# Hear audio but don't see any video



## Maximus12` (Oct 15, 2011)

I have a Yamaha RX v765 receiver. I just bought a new television last week. So I am trying to connect the television to the receiver, as well my Fios box, and my xbox to it as well. Well obviously I am using HDMI cables but for some odd reason I can hear audio but I can't see anything . I know I connected it right I have the TV HDMI port from the television to the HDMI out on my receiver. I went to see the receiver setting for the HDMI and the control option is turned on. So I am really have no idea what to do, or even how to fix this situation.


----------



## bambino (Feb 21, 2010)

Not to question you but are you certain you have all the settings correct? There may be a "handshake" issue going on or somthing goofy like that. I guess if it were me i'd reset everything and disconnect and also check my connections.:dontknow: Thats all i can think of.


----------



## Maximus12` (Oct 15, 2011)

I'm positive that the connection is right. I have a friend who came to check it out because he connects them all the times at work. He works at Best Buy. He couldn't figure it out either. I looked at the "handshake", so is it possible if I get an HDMI switch, would it solve my problem?


----------



## tonyvdb (Sep 5, 2007)

if you run your device directly to the display bypassing the receiver does it work then?


----------



## Maximus12` (Oct 15, 2011)

tonyvdb said:


> if you run your device directly to the display bypassing the receiver does it work then?


Yes it does.


----------



## Twin_Rotor (Jan 1, 2012)

I have handshake issues from time to time. My setup is completely different, but here is what I've found to work:

Turn TV off and back on with receiver/source on
Turn receiver off and back on with source/tv on

My receiver has an HDMI control feature also. I think its for the Sony Braivia sync stuff, but maybe your reliever has something similar?


----------



## ovillegas (Jan 30, 2012)

I think the HDMI Control feature on the Yamaha is just to control other Yamaha components. I think that's what I read on the manual.

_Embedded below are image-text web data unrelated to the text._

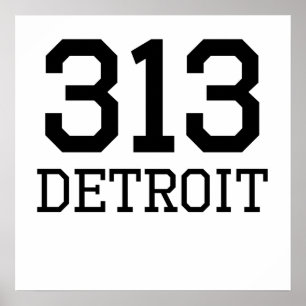 Affiche Indicatif régional de Detroit 313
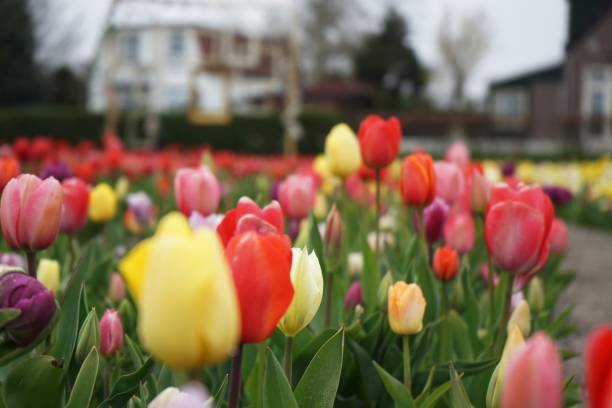 istock Tulip garden in Netherlands 1314350623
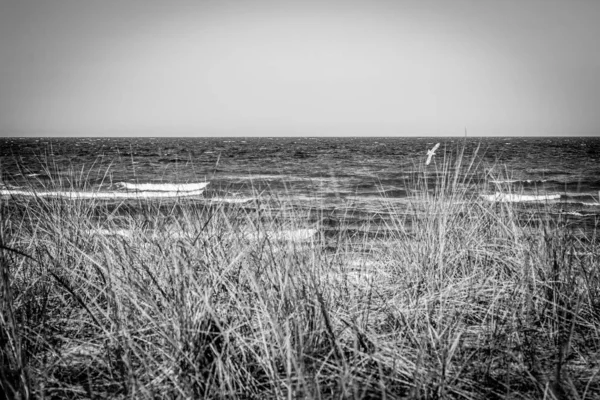Het strand van de Baltische zee wind en zwellen — Stockfoto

I have the same receiver but I only have one blu ray player connected to it, but I also had some troubles until I enabled the standby pass through feature on it.


----------



## Arcticbear (Dec 1, 2011)

Turn the CEC feature off in your TV setting.
That did it for me last year.
Each manufacturer has its own name for the CEC 

Panasonic call it: EZ Sync
Samsung call it: Bravia Sync
---etc


----------